Class of 1978 Pavilion in the Kislak Center
6th Floor of Van-Pelt Library


We will be welcoming Peter Stallybrass for a talk entitled: “Walt Whitman and the Manufacture of Manuscript.” Peter writes:

After the early anonymous editions of Leaves of Grass, Walt Whitman had his signature cast in metal to print on the bindings and title pages of his books, and also started selling an “autograph” edition in which he signed every copy. Much as he hated autograph hunters, he recreated himself as the “manuscript” poet whom they craved.

When Whitman published his poems, he obsessively worked on the details of how they would appear on the page, having each separate poem job-printed as proofs before collecting the revised versions into books. But a curious feature of these “proofs” is that they were printed in multiple copies and many were marked up by Whitman himself in exactly the same way. The multiplicity, as well as the survival, of these “proofs” reveals that they are not really proofs to be returned to the printer for corrections at all. They were in fact printed copies of his poem with the crucial addition of his own hand-written revisions. He sent these to friends and patrons on both sides of the Atlantic, where they were carefully preserved – above all, because they contained the material traces of Whitman’s own hand. In other words, Whitman reinvented manuscript circulation in the age of print.

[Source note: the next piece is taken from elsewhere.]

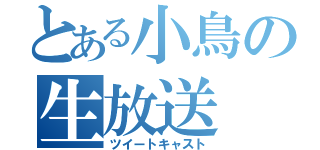 とある小鳥の生放送（ツイートキャスト）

My talk will focus on how Whitman used “manuscript” in printed works not to make money but to create the literary archive that we now have, one of the most massive collections of manuscript remains of any nineteenth century author. At the same time, I will give an example of how he made a “first draft” by carefully copying out an earlier version (mistakes, crossings-out and all) to create what has always been believed to be the first version of the poem, but which is in fact a manufactured relic, designed for posterity.

Peter Stallybrass is a retired professor of English who is at present teaching more courses than he has ever taught in his life. One of these courses is “Introduction to Print Culture,” which Roger Chartier and he have co-taught since 2001. This course has been a major inspiration for his scholarly research, together with libraries and librarians (particularly on the 6th floor at Penn, at the Library Company of Philadelphia, at the Folger Shakespeare Library, and at the Huntington Library), the work of the University of Pennsylvania Press, other co-taught courses with friends and colleagues, and collaborative publications and research groups. Above all, what has kept him going since 1993, when it first began, is the History of Material Texts Workshop and the inspiration of its participants.